# Freiwillige für Homepageprojekt gesucht!



## Lucas-D (23. Juli 2013)

*Freiwillige für Homepageprojekt gesucht!*

Hallo liebe Community von PC Games,
wir haben vor ca. 2 Monaten eine Website gestartet und berichten seitdem über Smartphone, Gaming, und Tech-News.
Das ganze ist "just for fun" also keine Verpflichtung, sondern nur des Spaßes halber.
Wir suchen ganz einfach noch ein wenig Unterstützung bei unserem Projekt und freuen uns über jede Hilfe die wir kriegen können.
Was euch erwartet ist ganz einfach Artikel zu den oben genannten Themen zu schreiben, über die Dinge die gerade passieren oder wozu ihr auch immer Lust habt.
Wir setzen auch Wert auf Teamarbeit und Absprache, also könnt ihr euch super in unser kleines Team integrieren.
Das Alter ist übrigens egal, aber mindestens 14 sollte man sein denke ich.
Also wer Lust hat bei uns mitzumachen schreibt mir eine PN, hier unter den Thread oder eine E-Mail an: lucas.d@yakidoo.de

An die Admins und Moderatoren des Forums:
Das hier ist keine Job-Anzeige sondern damit wollen wir nur sehen ob jemand an einem Freizeit Projekt interessiert ist.
Falls hier so etwas nicht erlaubt ist zu Posten, tut es mir wirklich leid.

Wir freuen uns auf Interessierte!
Gruß
Lucas


----------



## Latenerd (31. Juli 2013)

Hallöchen.

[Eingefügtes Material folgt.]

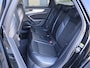 Audi A6 Avant 55 TFSI quattro S edition | V6 340PK | Matrix LED | Pano | 21" | Luchtvering |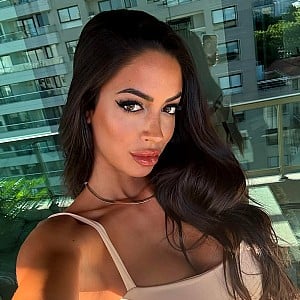 Abril Losardo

Gibt es denn schon eine Seite?


----------



## Rabowke (31. Juli 2013)

Siehst du doch an seiner E-Mail Adresse ... die Adresse lautet yakidoo[.]de

Das ist die Homepage der zwei Herren.


----------



## Lucas-D (31. Juli 2013)

Ja gibt es, wie Rabowke schon richtig festgestellt hat. Außerdem habe ich oben geschrieben seit 2 Monaten.


----------